A. Ali Ural ise siyer yazıcılığının arayış içerisinde olduğu yeni metotlar hakkındaki önerilerini sundu. Buna göre Hz. Peygamber'i anlatan başarılı bir eserin, O'nun bütün hayatını ele almak yerine O'nun hayatındaki belirli olaylar üzerinde yoğunlaşarak yazılabileceğini belirtti. Ayrıca böyle bir eserde Hz. Peygamber'in, az bilinir yönleriyle ele alınmasının gerekliliğine vurgu yaptı.

Oturumun son konuşmacısı olan Sibel Eraslan, "uzaktan sevmek" kavramına atıfla Hz. Peygamber sevgisinin mahiyeti hakkında görüş beyan etti. Ayrıca buradan hareketle siyer yazmanın da O'na yakınlaşmaya çalışırken uzaklaşma şeklinde bir paradoksu getirdiğini belirten Sibel Eraslan, önemli olanın, O'nun bütün hayatını bilmek değil, bu çaba sürecinde elde edilen duygusal yakınlık olduğunun altını çizdi.

Oturumun sonundaki soru-cevap kısmında ise A. Ali Ural ile Sibel Eraslan'ın önerileri tartışmaya açılırken Sezai Coşkun'un dile getirdiği kültür endüstrisi kavramı da etraflıca ele alındı.

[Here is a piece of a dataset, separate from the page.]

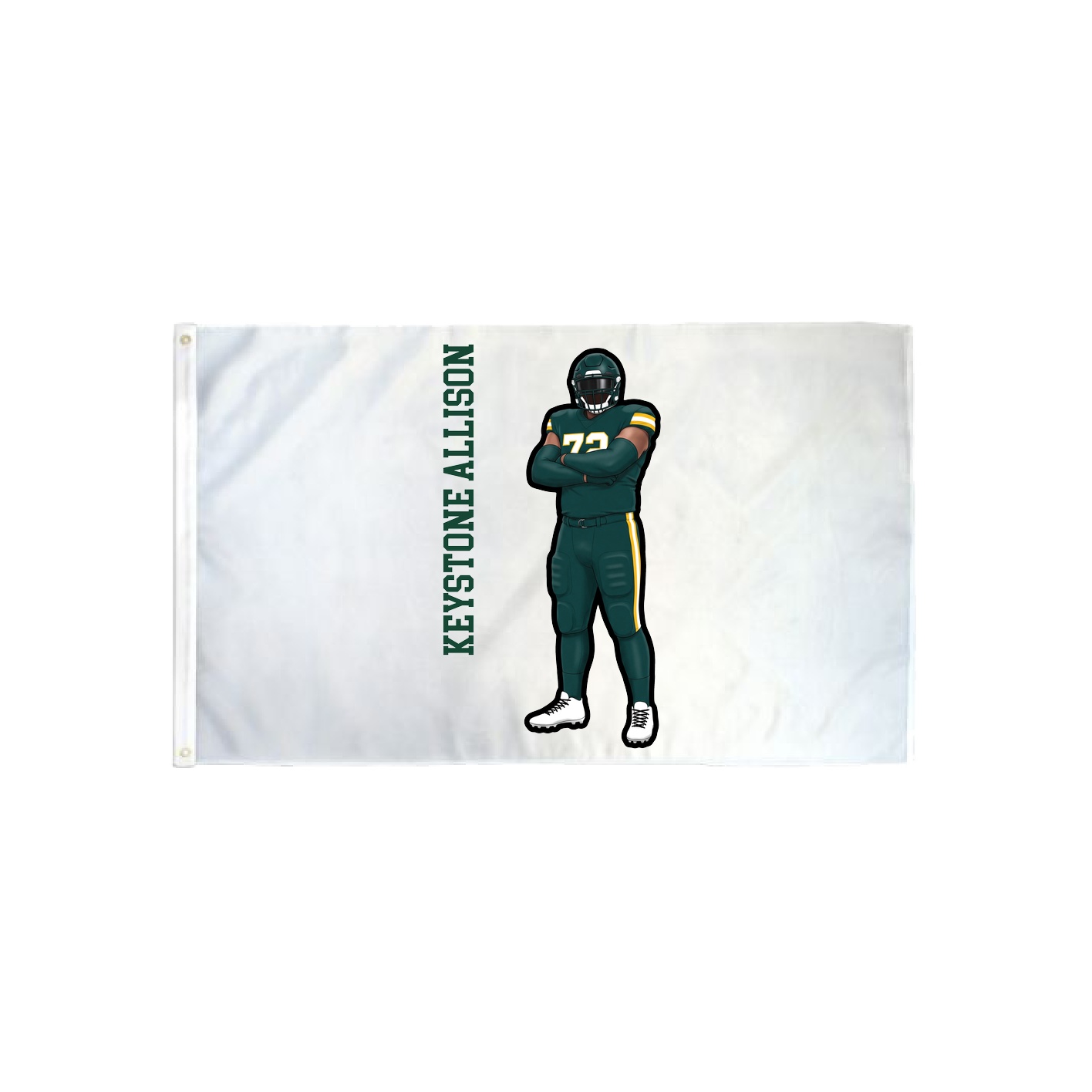 3x5 Flag — Name Vertical in Classic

Günün sonundaki değerlendirme konuşmalarında ise teşekkür mesajlarının yanı sıra iki gün boyunca tartışılan konular hakkında görüşler beyan edildi. Ayrıca katılımcılar tarafından toplantının eksik kalan yanları da belirtilerek sonraki çalışmalar için bir perspektif çizilmeye çalışıldı.